Big farmers are getting bigger to survive while small farmers are
going bust. This is leading to prairie farming monoculture and unemployment.
Another serious
source of waste is the amount of travel involved in bringing food
from its source to the supermarket shelf. A typical family lunch is
estimated to have travelled 26,234 miles. A report, by the UK Department
of Environment, Food and Rural Affairs [DEFRA], estimates that transporting
food to and around the UK produced 19 million tonnes of carbon dioxide
in 2002, of which 10 million tonnes were emitted in the UK - 1.8 per
cent of total UK carbon dioxide emissions. The report says that the
overall social and environmental cost of food transport is £9
billion with impacts on road congestion, accidents, climate change,
noise and air pollution.
There are many aspects of supermarket activities that involve scandalous
waste. Due to the vast distances that supermarket food travels, the
time it takes to make that journey, and the need for the product to
be stacked on a shelf, dropped into a trolley and fitted with a barcode,
supermarket food is encased in far more packaging than is used by
local production and distribution networks. It was also the supermarkets
who dictated that the returnable bottle disappeared; returnables only
work on a regional basis, not the national and international scale
of the supermarket. All of this leaves an ever growing waste mountain,
much of which is multi-material (eg cardboard stuck to foil wrapped
in plastic) and therefore impossible to recycle. This means it must
be buried (to pollute the soil and water) or incinerated (to pollute
the air), the cost of which is met by the taxpayer not the supermarkets.
The appearance of fruit and vegetables on the shelves is put before
flavour and nutrition. For example, at the supermarket distribution
centres, potatoes are scrubbed and the small ones rejected. They must
be oval and without blemishes. In this process 30% are wasted. An
organic supplier may have to reject 15% of his/her crop before delivering
to a distribution centre where a further 25% (40% altogether) are
likely to be rejected. The farmer will only be paid for those accepted.
Farmers are treated in a shabby manner and must suffer further loss
of profits when supermarkets decide to do 'buy one-get one free' promotions.
It is the farmer who carries the extra cost, not the supermarket.
Dairy farming is in crises, mainly as a result of the low prices paid
to farmers for milk - 3,934 dairy farmers have been put out of business
in the past 3 years. The dictatorial power of supermarkets over their
suppliers is described in the year 2000 independent report of the
Competition Commission "We received many allegations from suppliers
about the behaviour of the main parties [supermarket chains] in the
course of their trading relationships. Most suppliers were unwilling
to be named, or to name the main party that was the subject of the
allegation. There appeared to us to be a climate of apprehension among
many suppliers in their relationships with the main parties"
(Blythman,2004)*.
Shopping at supermarkets is destroying British agriculture and
ruining the countryside.
At the end of
September 2005 the UK Government announced that 'junk food' school
meals will be banned and that extra funds would be provided to give
children nutritious meals with adequate amounts of fruit and vegetables.

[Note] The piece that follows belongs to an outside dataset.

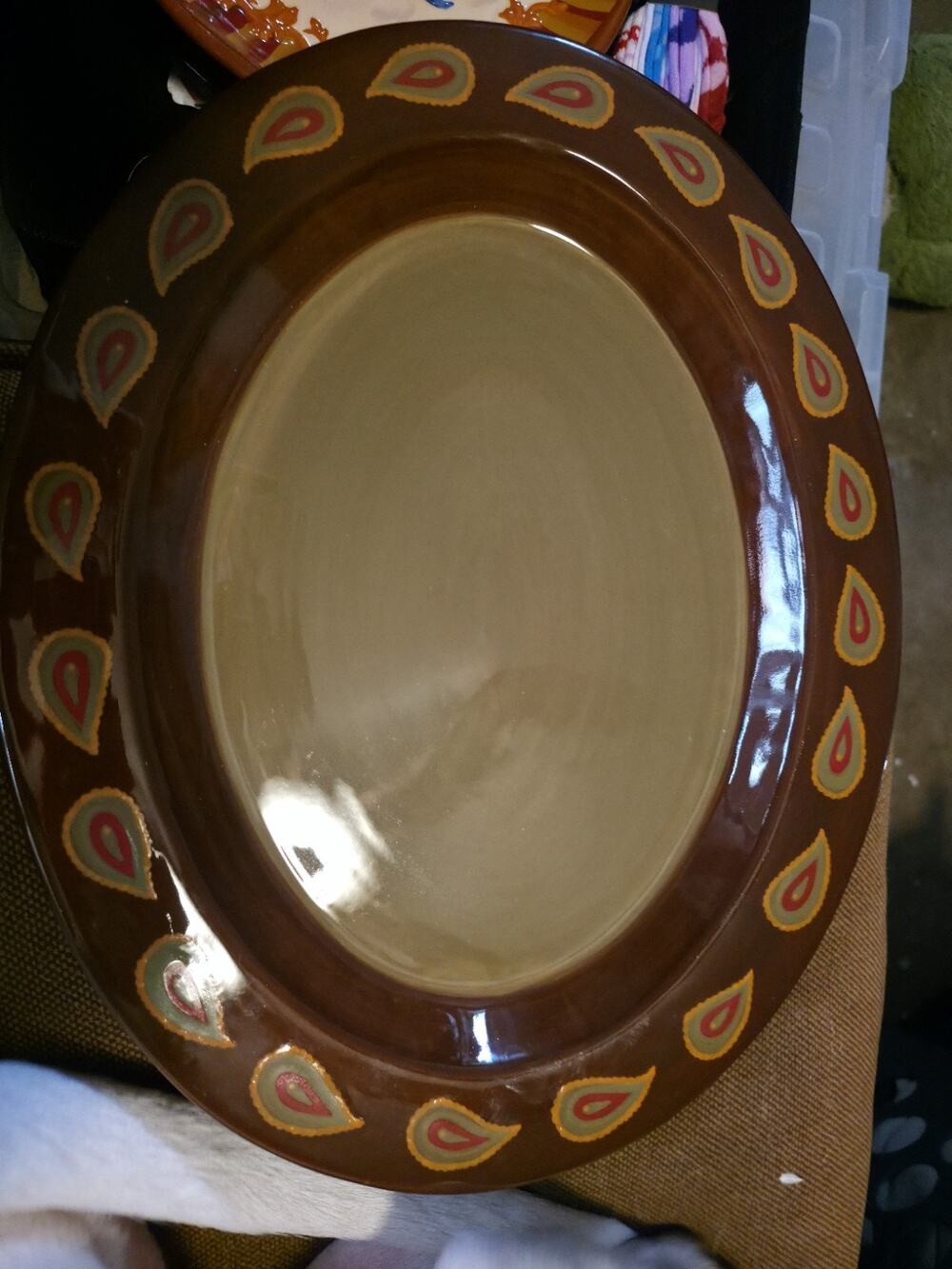 DEMDACO Kennewick Lodge Oval Platter Brown Paisley Retired 2006 Rustic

This decision followed a high profile televised campaign by the TV
personality, Jamie Oliver (who, surprisingly, has advertised supermarket
products) exposing the poor quality of school meals throughout the
country.
This came after an equally damning series of programmes about the
way British based supermarkets were providing poor quality food high
in sugar, salt and saturated fats, including fruit picked early from
the far corners of the world and bread made with enzymes to increase
shelf life.
Many of the chickens ending up on supermarket shelves had a miserable
life suffering in large sheds or in cramped cages and so overfed that
their legs cannot support their own weight. This is evidenced by bruise
marks visible on the birds displayed for sale. This meat is high in
saturated fats (linked to heart disease). Nearly a pint of fat can
be extracted from just one bird.
Duck meat involves
even greater cruelty. Ducks are also factory farmed and are not provided
access to water on which they can swim. Not one duck farm supplying
meat to supermarkets conforms to the RSPCA Freedom Foods standard.
Steak often comes from cows that do not have access to grass pasture
but are instead kept in pens with concrete floors. In all cases of
factory farming, animals suffer either from disease or disabilities.
20% of cows are in pain at any given time.
There is even greater animal cruelty involved with meat sourced by
supermarkets from abroad, produced under conditions which would be
illegal in the UK. It is the long distance haulage of livestock, brought
about by the insistence of supermarkets on using just a handful of
mega-abattoirs, which was a major contributing factor to the spread
of foot and mouth disease.
Shopping at supermarkets supports factory farming, poor animal
welfare and the spread of disease.
People can only
eat so much food, so logic dictates that shopping at supermarkets
puts village shops and high street stores out of business. Every supermarket
that opens results in a net loss of 200-300 jobs, as a whole network
of local shops and their suppliers is destroyed. Whereas money spent
in independent shops tends to stay in the local economy, supermarkets
act as giant vacuum cleaners; sucking money out of an area and putting
it into the bank accounts of distant shareholders.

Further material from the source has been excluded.